The clinical manifestation of diphtheria typically involves the respiratory tract. Following an incubation period of 2-4 days, patients typically experience abrupt onset of fever, malaise, sore throat, and the development of an adherent, gray-brown, pseudomembranous exudate around the tonsils, nares, pharynx, larynx, and/or tracheobronchial tree. The presence of the exudate, coupled with soft tissue edema around the respiratory tract, can cause hoarseness, dyspnea, stridor, and cough; these symptoms can progress to respiratory failure, and death may occur due to suffocation after aspiration of the membrane. Because of the activity of the diphtheria toxin, localized infection may lead to delayed systemic complications, including myocarditis, conduction defects (first-degree heart block progressing to atrioventricular dissociation and other arrhythmias), and cranial and sensorimotor peripheral neuropathy. The case fatality rate for respiratory diphtheria is approximately 10%. On rare occasions, an illness similar to respiratory diphtheria is caused by other Corynebacterium species (Corynebacterium ulcerans or Corynebacterium pseudotuberculosis) that produces the diphtheria toxin.
Other manifestations of diphtheria include chronic indolent skin ulcers bearing gray membranes and rare invasive infections such as septic arthritis, bacteremia, and endocarditis that are caused by non-toxigenic C. diphtheriae.
The only known reservoirs of C. diphtheriae are humans, and the primary modes of transmission are via respiratory droplets or direct contact with respiratory secretions or exudates from skin lesions. Asymptomatic respiratory carriage of C. diphtheriae has been significantly reduced by the advent of widespread vaccination practices. However, lapses in vaccination and socioeconomic changes in some parts of the world have led to the re-emergence of diphtheria outbreaks and epidemics.

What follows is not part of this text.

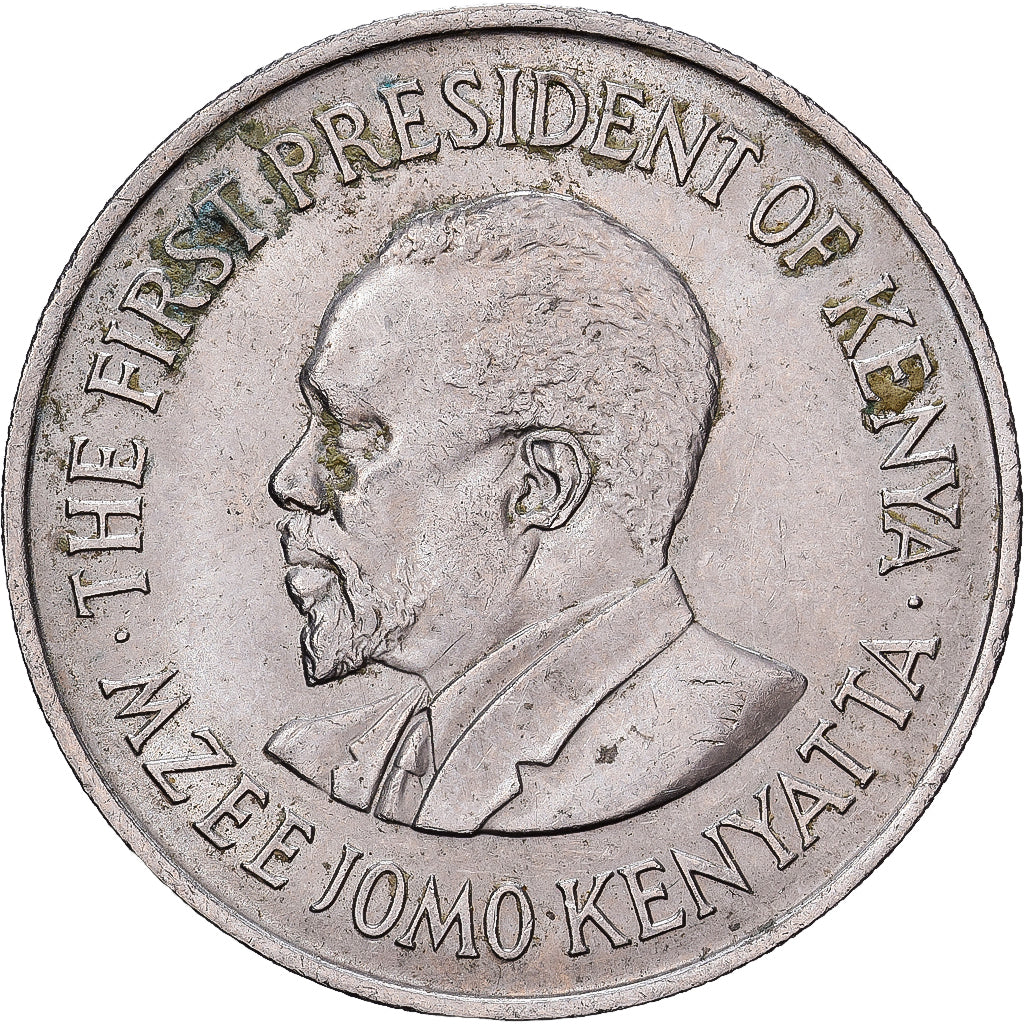 Münze, Kenya, Shilling, 1971, SS, Copper-nickel, KM:14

Pediatric Patient Considerations:
Compared with the adult respiratory tract, the proportionally smaller pediatric airway may be more rapidly compromised with pseudomembrane formation and surrounding cervical adenitis and soft tissue edema.
A36.9 – Diphtheria, unspecified
397428000 – Diphtheria
- Bacterial pharyngitis (especially streptococcal pharyngitis) – More intense local pharyngitis and dysphagia, and higher fever.
- Viral pharyngitis / tonsillitis
- Acute epiglottitis due to Haemophilus influenzae – Develops more acutely; indirect laryngoscopy reveals an erythematous epiglottis without an associated membranous exudate.
- Infectious mononucleosis – Membranous exudate remains on tonsils, appears whitish, and does not bleed upon removal.
- Vincent angina – Typically involves the gums, and gram stain of necrotic pharyngeal lesions reveals polymicrobial flora, including gram-negative anaerobes and spirochetes.